Facade is used to abstract subsystem interfaces with a helper. The facade design pattern is used in scenarios when the number of interfaces increases and the system gets complicated. Facade is an entry point to different subsystems, and it simplifies the dependencies between the systems. The facade pattern provides an interface that hides the implementation details of the hidden code.

A loosely coupled principle can be realized with a facade pattern. You can use a facade to improve poorly designed APIs. In SOA, a service facade can be used to incorporate changes to the contract and implementation.

 

The facade pattern is made up of the facade class, module classes, and a client:

  • The facade delegates the requests from the client to the module classes. The facade class hides the complexities of the subsystem logic and rules.
  • Module classes implement the behaviors and functionalities of the module subsystem.
  • The client invokes the facade method. The facade class functionality can be spread across multiple packages and assemblies.

For example, account, customer, and transaction are the classes that have account, customer, and transaction creation methods.
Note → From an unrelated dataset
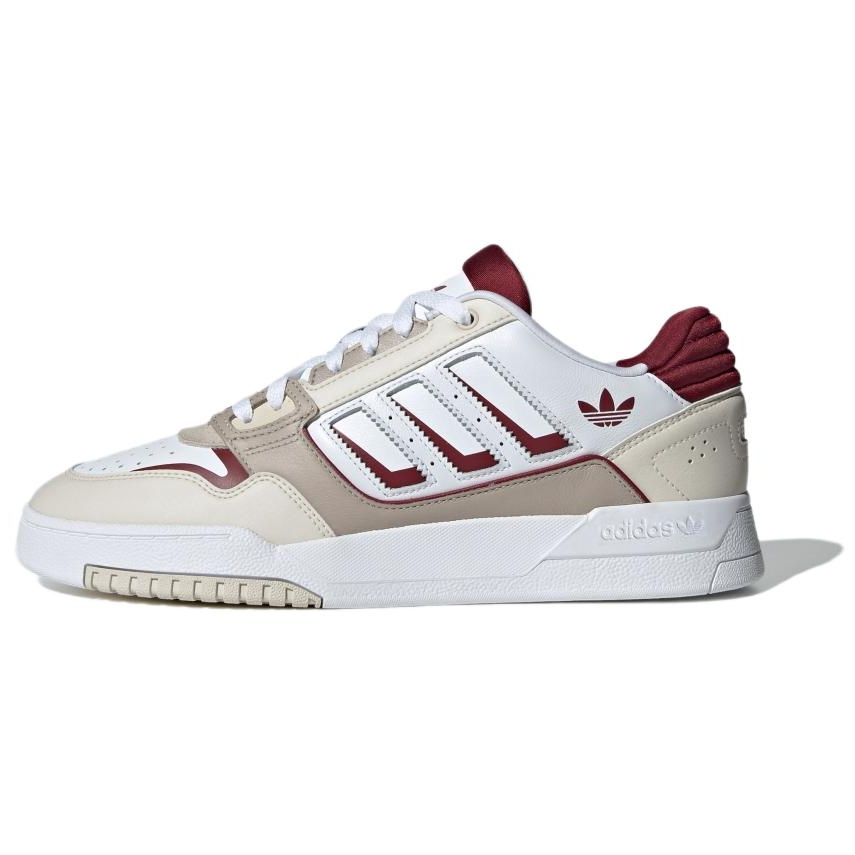 Adidas Originals Drop Step Low 2.0 'Beige Red'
BranchManagerFacade can be used by the client to create an account, customer, and transaction:

//main package has examples shown
// in Hands-On Data Structures and algorithms with Go book
package main
// importing fmt package
import (
 "fmt"
 )
 //Account struct
 type Account struct{
id string
accountType string
}
//Account class method create - creates account given AccountType
func (account *Account) create(accountType string) *Account{
 fmt.Println("account creation with type")
 account.accountType = accountType
return account
}
//Account class method getById given id string
func (account *Account) getById(id string) *Account {
 fmt.Println("getting account by Id")
 return account
 }

The account class has the deleteById method, which is used to delete an account with a given ID, as shown in the following code:

 //Account class method deleteById given id string
 func (account *Account) deleteById(id string)() {
 fmt.Println("delete account by id")
 }
//Customer struct
 type Customer struct{
 name string
 id int
 }

In the following code, the customer class has a method that creates a new customer with name:

//Customer class method create - create Customer given name
 func (customer *Customer) create(name string) *Customer {
 fmt.Println("creating customer")
 customer.name = name
 return customer
 }
//Transaction struct
 type Transaction struct{
 id string
 amount float32
 srcAccountId string
 destAccountId string
 }

As shown in the following code, the transaction class has the create method for creating a transaction:

//Transaction class method create Transaction
 func (transaction *Transaction) create(srcAccountId string, destAccountId string,amount float32) *Transaction {
 fmt.Println("creating transaction")
 transaction.srcAccountId = srcAccountId
 transaction.destAccountId = destAccountId
 transaction.amount = amount
 return transaction
 }
 //BranchManagerFacade struct
 type BranchManagerFacade struct {
 account *Account
 customer *Customer
 transaction *Transaction
 }
//method NewBranchManagerFacade
 func NewBranchManagerFacade() *BranchManagerFacade {
 return &BranchManagerFacade{ &Account{}, &Customer{}, &Transaction{}}
 }

 

 

 

 

BranchManagerFacade has the createCustomerAccount method, which calls the create method on the customer class instance, as shown in the following code:

//BranchManagerFacade class method createCustomerAccount
 func (facade *BranchManagerFacade) createCustomerAccount(customerName string, accountType string) (*Customer,*Account) {
 var customer = facade.customer.create(customerName)
 var account = facade.account.create(accountType)
 return customer, account
 }
 //BranchManagerFacade class method createTransaction
 func (facade *BranchManagerFacade) createTransaction(srcAccountId string, destAccountId string, amount float32) *Transaction {
var transaction = facade.transaction.create(srcAccountId,destAccountId,amount)
 return transaction
}

The main method calls the NewBranchManagerFacade method to create a facade. The methods on facade are invoked to create customer and account:

//main method
func main() {
    var facade = NewBranchManagerFacade()
    var customer *Customer
    var account *Account
    customer, account = facade.createCustomerAccount("Thomas Smith", 
    "Savings")
    fmt.Println(customer.name)
    fmt.Println(account.accountType)
    var transaction = facade.createTransaction("21456","87345",1000)
    fmt.Println(transaction.amount)
}

Run the following commands:

go run facade.go

The following screenshot displays the output:

 

 

Let's take a look at Flyweight pattern in the next section.

Flyweight

Flyweight is used to manage the state of an object with high variation. The pattern allows us to share common parts of the object state among multiple objects, instead of each object storing it. Variable object data is referred to as extrinsic state, and the rest of the object state is intrinsic. Extrinsic data is passed to flyweight methods and will never be stored within it. Flyweight pattern helps reduce the overall memory usage and the object initializing overhead. The pattern helps create interclass relationships and lower memory to a manageable level.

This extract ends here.